Third in the Morrissey opus, Sylvanus Now has the same quality of place as the other two novels have. Place is so strong in her novels that Morrissey gives the reader a virtual mind painting in which to set her characters. My mind's eye watched as Sylvanus walked to the beach to launch his little boat, had a bird's eye view as he jigged for cod, and stared blankly at the windowless wall of Sylvanus' and Adelaide's cottage (you will find out why.
One of the remarkable things about this novel is that it can be read as a political novel; but in the best sense. That is, the politics comes out through the lives of the characters rather than through prose. Here the politics is about how government policy affects people's lives, and especially when the policy is wrong-headed. But we don't see this happen - we feel it happen through the characters.
While the novel is named for Sylvanus, it is Adelaide who steals the novel. Sylvanus is rooted to his fishing, his place and his way of life. He wants no more but to live out his life as his ancestors have done - jigging cod in the good weather and working lumber in the cold. But Adelaide has intelligence that yeans for more out of life. She wanted to be a missionary and travel the world. She wanted to stay in school. But it was not to be and she was forced to help dry the fish on the flakes, and work in the fish processing plant.
Sylvanus sees her through the window at a dance. She is to us what she is to Sylvanus at first; and slowly we come to see her as she really is. She is difficult. She is resentful. But she also loyal and true. But she is more aware than Sylvanus can understand. She sees that his hatred of the new ways is eating him away from the inside. And she has her own demons to battle.
A particularly heartfelt character is Eva, Sylvanus' mother.

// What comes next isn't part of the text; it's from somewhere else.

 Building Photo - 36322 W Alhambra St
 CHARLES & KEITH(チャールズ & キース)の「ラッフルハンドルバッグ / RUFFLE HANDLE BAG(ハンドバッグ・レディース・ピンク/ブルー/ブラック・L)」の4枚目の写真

As we learn, late in the novel, about her life, we come to picture the deep roots that these people have in this little fishing community on the banks of a wild sea.
It is the heartbreaking moments scattered through the book that make this lyrical novel soar far above the ordinary. One must reassess one's thoughts about the heroic life. These people and their time are heroic but voiceless if not for Morrissey. She gives them voice and songs to sing so that they cannot be forgotten.
Suze is a busybody and unstoppable talker who Adelaide finds a nuisance. But it is Suze who is her best friend, who will tell her what she won't hear and forgives all slights. I came to appreciate Suze slowly as does Adelaide.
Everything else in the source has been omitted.